___ Source data ___

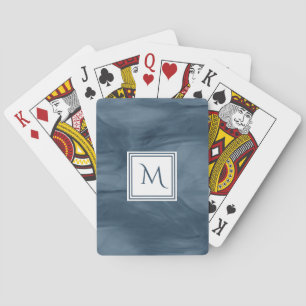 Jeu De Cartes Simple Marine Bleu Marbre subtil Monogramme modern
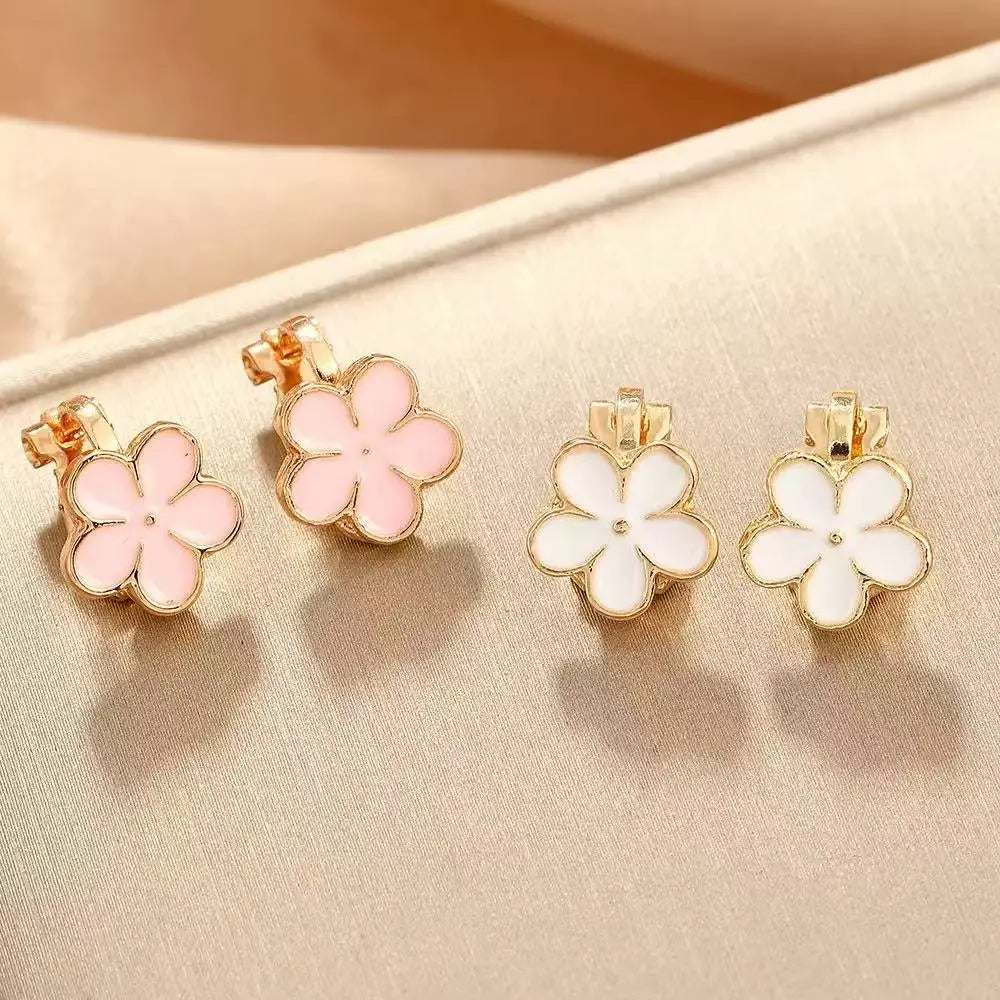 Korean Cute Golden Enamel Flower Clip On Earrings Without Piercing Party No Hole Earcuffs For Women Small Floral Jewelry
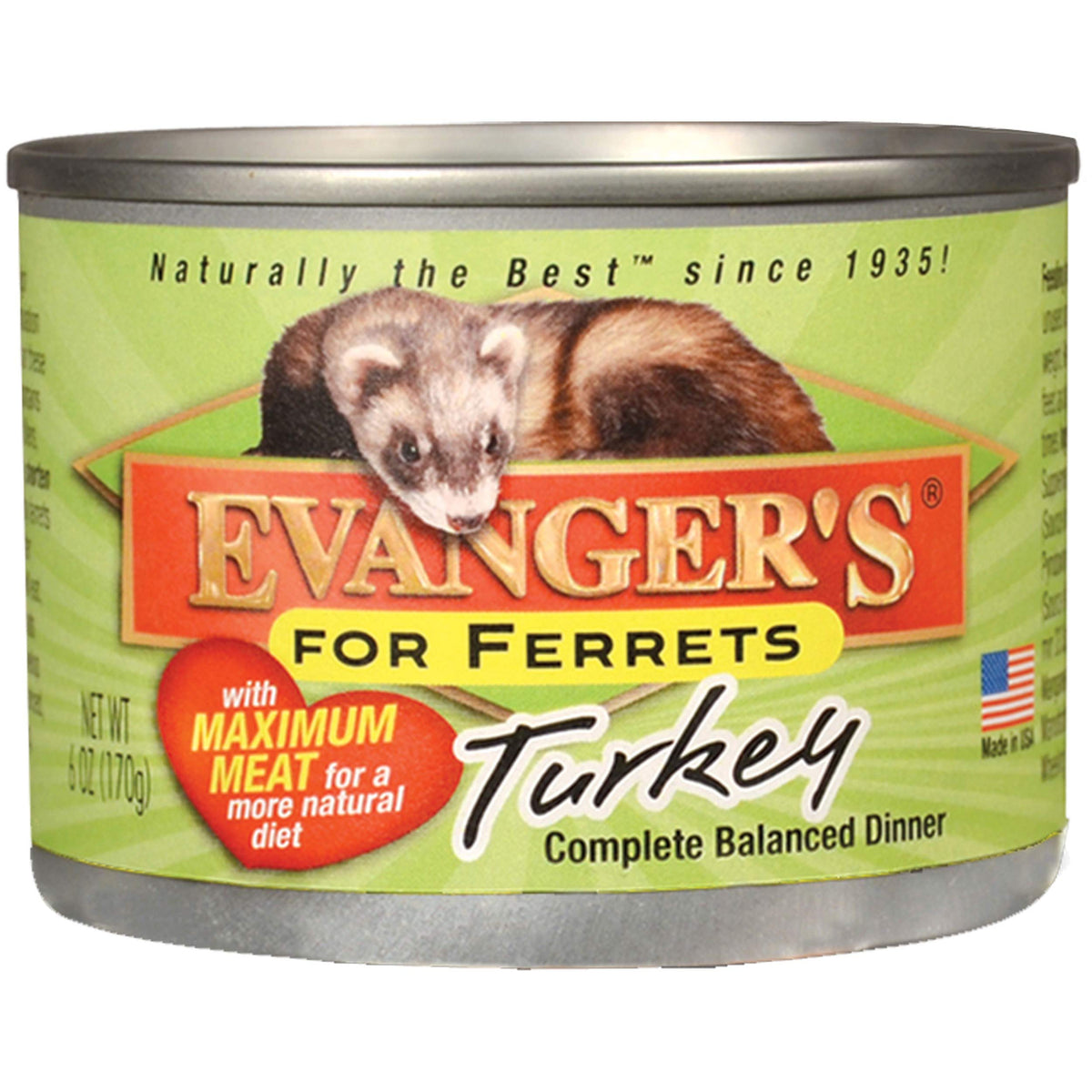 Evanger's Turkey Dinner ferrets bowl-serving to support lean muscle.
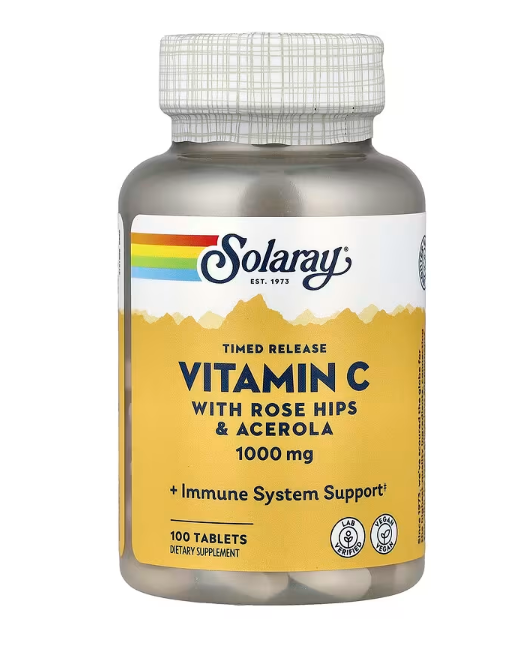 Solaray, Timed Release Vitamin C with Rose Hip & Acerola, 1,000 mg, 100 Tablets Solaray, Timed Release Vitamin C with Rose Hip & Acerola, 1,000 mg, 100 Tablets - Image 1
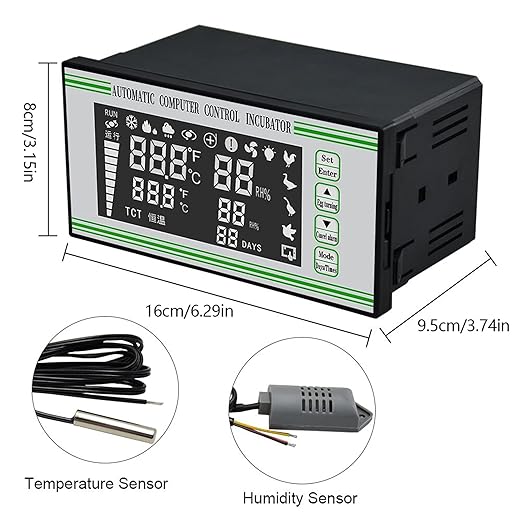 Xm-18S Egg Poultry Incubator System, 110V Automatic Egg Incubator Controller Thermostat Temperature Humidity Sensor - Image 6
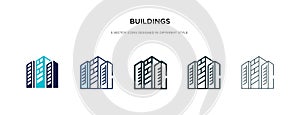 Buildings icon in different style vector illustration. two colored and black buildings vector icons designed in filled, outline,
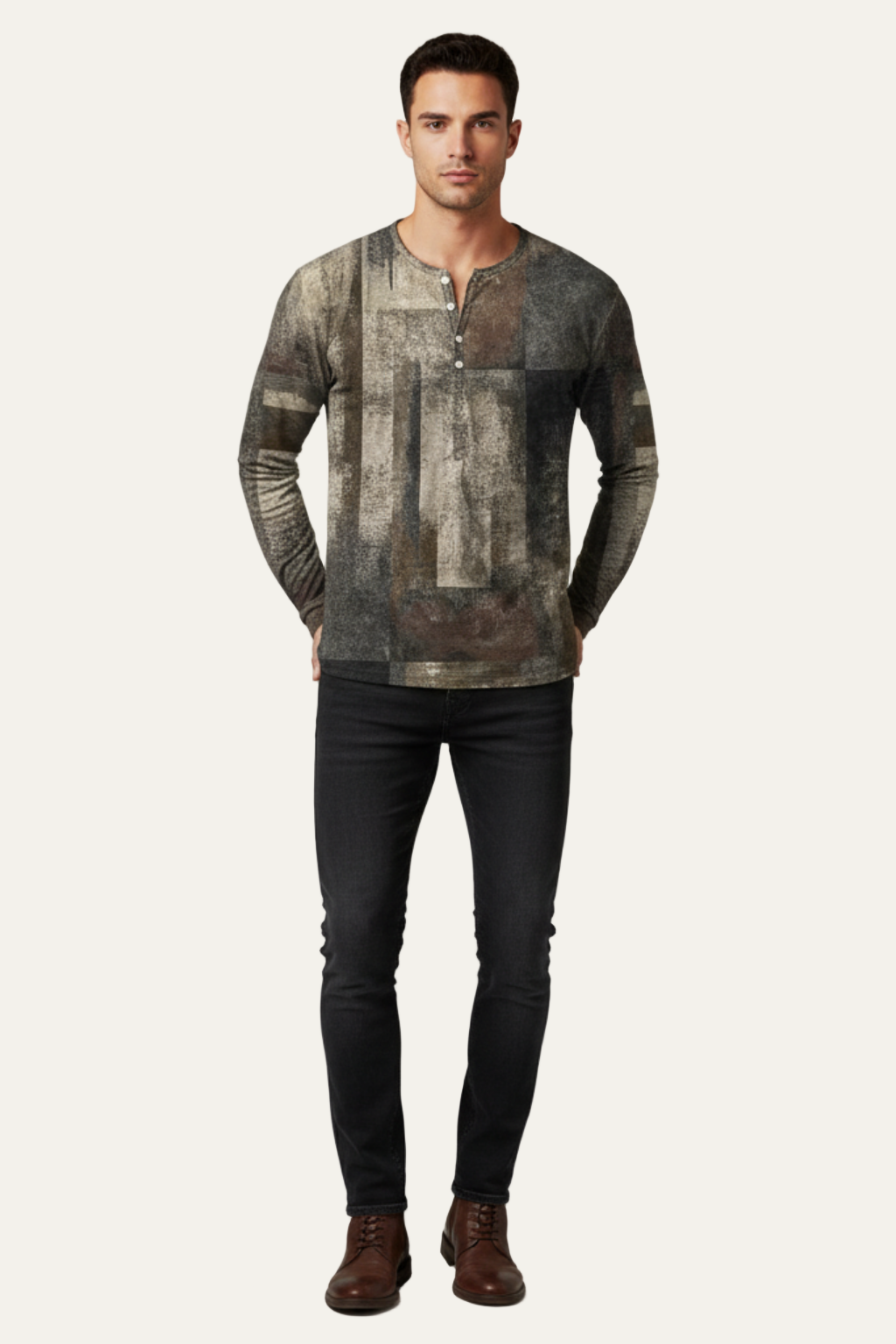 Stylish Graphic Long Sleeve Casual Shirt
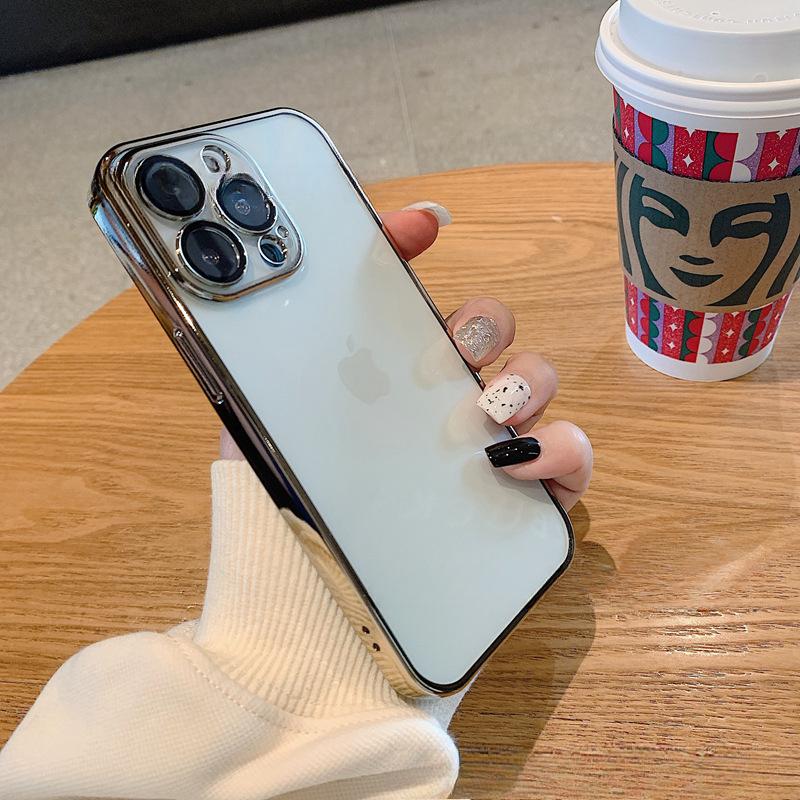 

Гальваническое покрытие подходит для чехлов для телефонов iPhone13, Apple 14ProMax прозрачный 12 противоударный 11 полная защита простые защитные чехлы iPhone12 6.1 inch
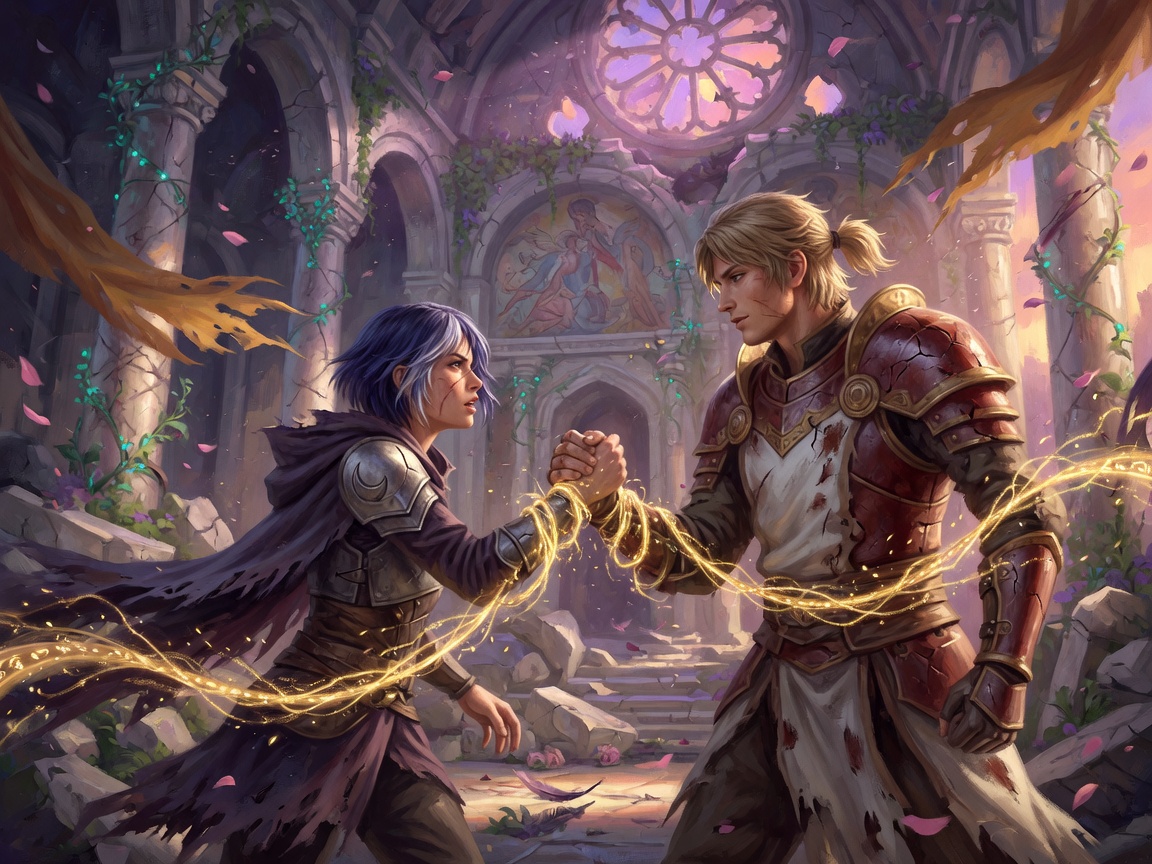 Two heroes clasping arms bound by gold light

___

> _Work to be completed_: An exact copy of the data is required, with the pictures excluded.

> _Task response_:
 Jeu De Cartes Simple Marine Bleu Marbre subtil Monogramme modern
 Korean Cute Golden Enamel Flower Clip On Earrings Without Piercing Party No Hole Earcuffs For Women Small Floral Jewelry
 Evanger's Turkey Dinner ferrets bowl-serving to support lean muscle.
 Solaray, Timed Release Vitamin C with Rose Hip & Acerola, 1,000 mg, 100 Tablets Solaray, Timed Release Vitamin C with Rose Hip & Acerola, 1,000 mg, 100 Tablets - Image 1
 Xm-18S Egg Poultry Incubator System, 110V Automatic Egg Incubator Controller Thermostat Temperature Humidity Sensor - Image 6
 Buildings icon in different style vector illustration. two colored and black buildings vector icons designed in filled, outline,
 Stylish Graphic Long Sleeve Casual Shirt

Гальваническое покрытие подходит для чехлов для телефонов iPhone13, Apple 14ProMax прозрачный 12 противоударный 11 полная защита простые защитные чехлы iPhone12 6.1 inch
 Two heroes clasping arms bound by gold light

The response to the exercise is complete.